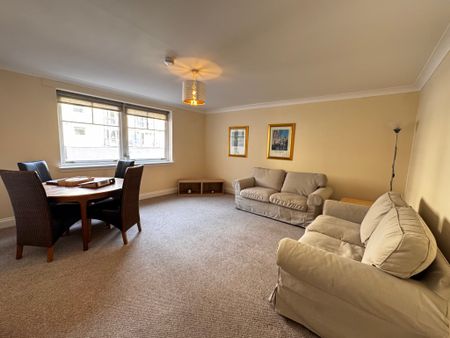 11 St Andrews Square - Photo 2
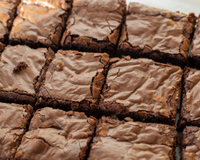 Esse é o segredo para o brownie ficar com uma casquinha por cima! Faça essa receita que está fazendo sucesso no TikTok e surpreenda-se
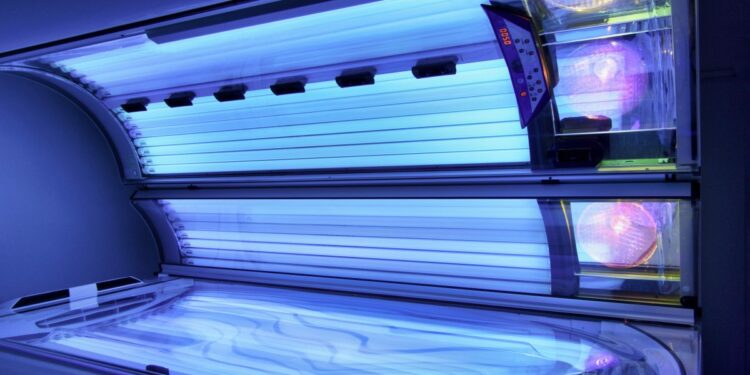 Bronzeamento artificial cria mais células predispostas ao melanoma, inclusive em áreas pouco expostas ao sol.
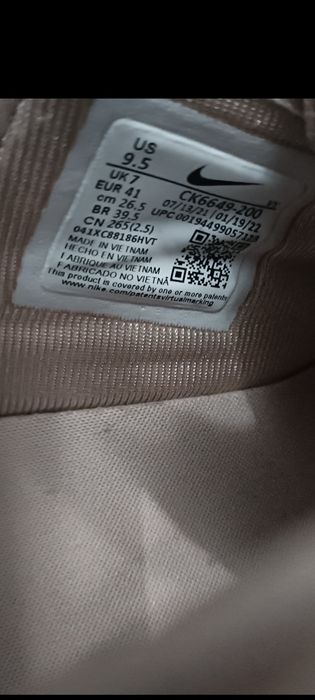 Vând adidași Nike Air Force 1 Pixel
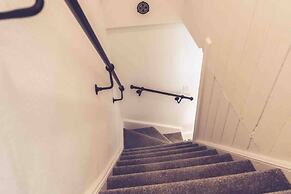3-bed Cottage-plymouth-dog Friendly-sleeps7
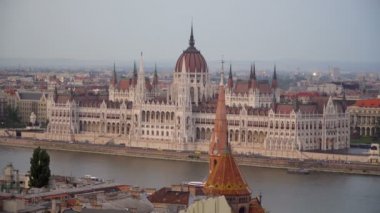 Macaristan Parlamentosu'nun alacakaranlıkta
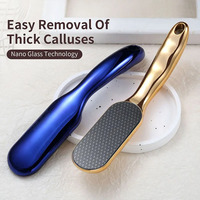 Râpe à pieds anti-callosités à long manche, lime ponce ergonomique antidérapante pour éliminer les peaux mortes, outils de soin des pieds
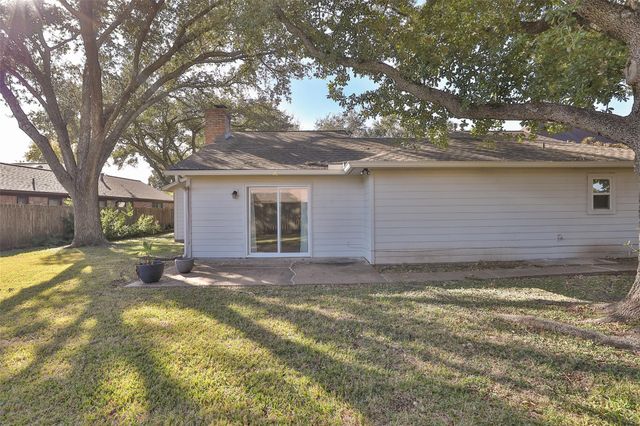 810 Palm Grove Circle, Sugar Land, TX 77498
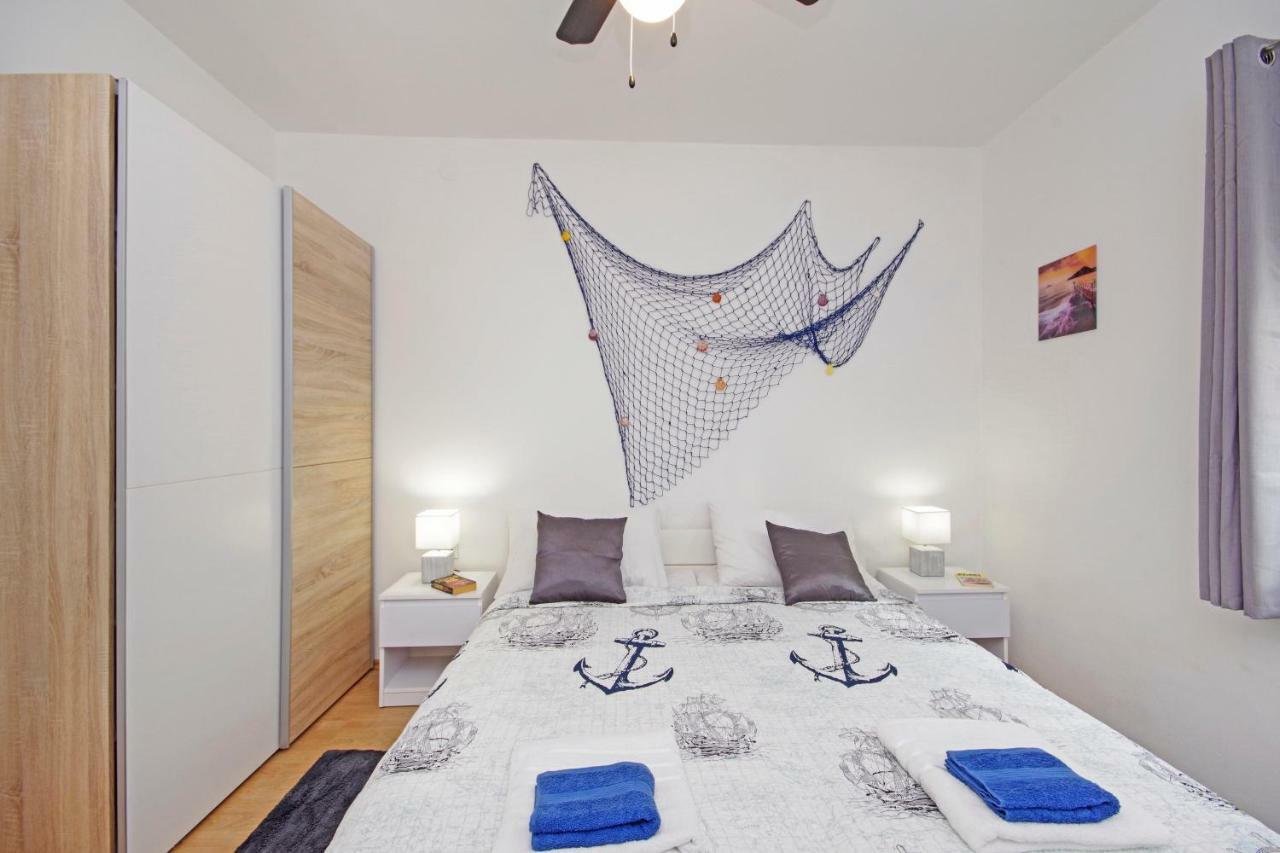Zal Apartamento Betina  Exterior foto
────────
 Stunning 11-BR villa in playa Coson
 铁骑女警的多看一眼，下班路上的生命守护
────────
*Task brief*:
Copy the entries above exactly, but only from the line holding "Stunning 11-BR villa in playa Coson" through the line holding "铁骑女警的多看一眼，下班路上的生命守护", both included.

*Answer to the exercise*:
 Stunning 11-BR villa in playa Coson
 铁骑女警的多看一眼，下班路上的生命守护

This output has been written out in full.